Greetings bloggers!
Hot off the heels of our rather quick vacation, we are right in the hot middle of our Vacation Bible School here at Laboratory Presbyterian Church. The entire building has been turned in to the beach, because our volunteers are awesome, and we’ve had about 45 or so kids join us each night to hear stories about God, dance and sing, and enjoy each other’s company. In spite of an outsized need for caffeine for this tired pastor, it’s been a tremendous week of ministry so far.
My job has been to run the middle school group, which as far as I’m concerned is the best possible job available here at VBS. These kids are right at the point in life where the questions are starting to get bigger, the thinking getting a lot deeper, and their desire for God is getting stronger. Throw in a few games and some outrageous snacks, and you’ve got a recipe for success. Now, I’ve never been much of a cirriculum guy, preferring instead to write my own, so thus far at VBS I’ve been kind of winging it.

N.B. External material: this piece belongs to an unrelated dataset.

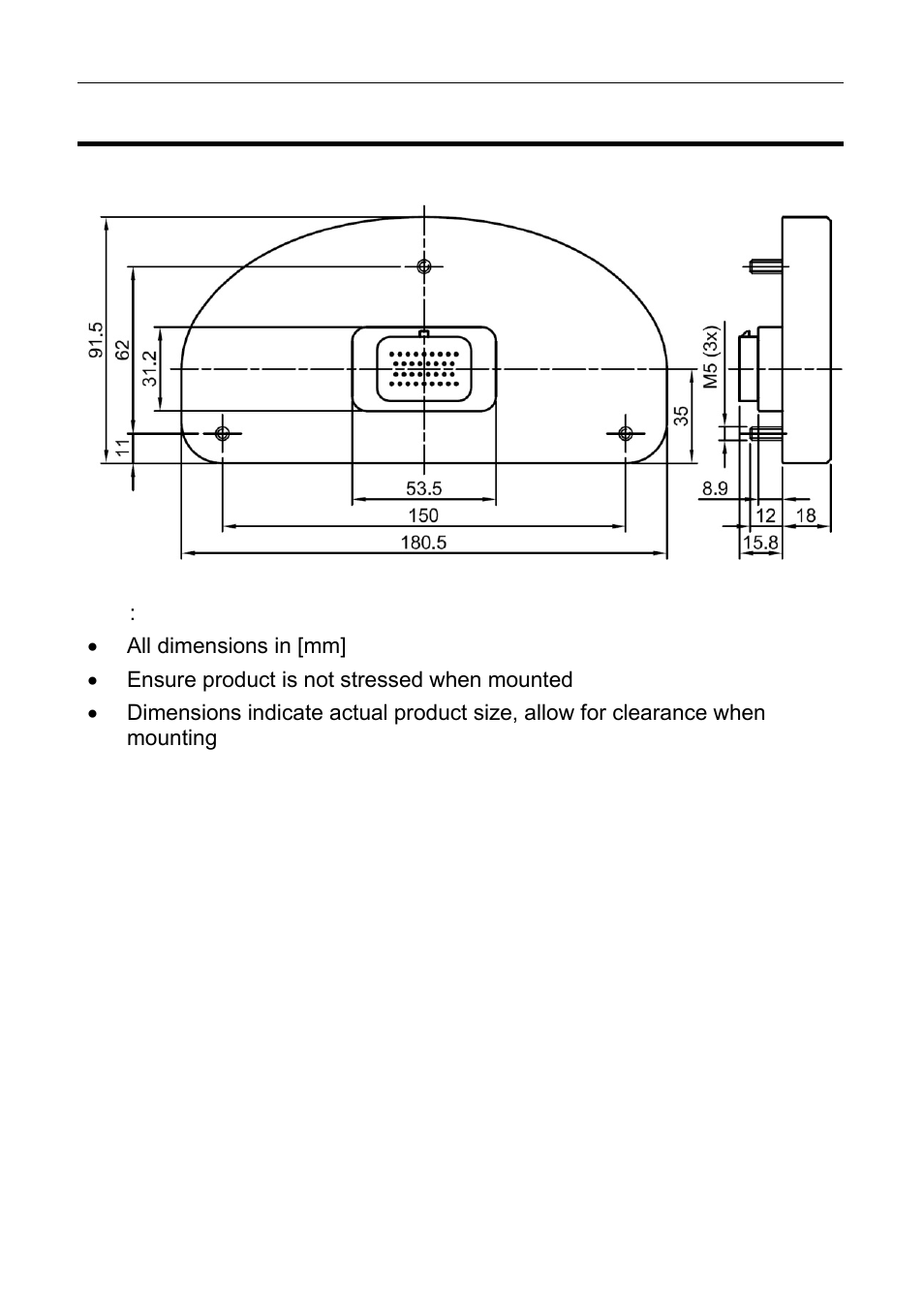 Mounting dimensions | MoTeC CDL3 User Manual | Page 64 / 86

There’s a schedule, sure. But it’s very much written in pencil. I know some of the big points I want to hit along the way, but I’m mostly letting the journey take us where it wants to take us.
But that said, one of the big points I want to hit along the way is a practice I stole from a previous Vacation Bible School experience, that of God Sightings. With the littlest of kids, it always starts out with them having seen God in a butterfly in the park, or the way their dog licked them when they got home from VBS that day. Which, while we as adults might scoff at a little bit, I kind of wish I saw God more frequently in the butterflies around me or the way my dog licks me. The truth is that while we might be looking for God in the big moments that come with sunsets and orchestra scores, God is available in the everyday kinds of things that we are all too often oblivious to because we’re stuck in our own heads. But these kids are on it. They know exactly where to find God. Everywhere.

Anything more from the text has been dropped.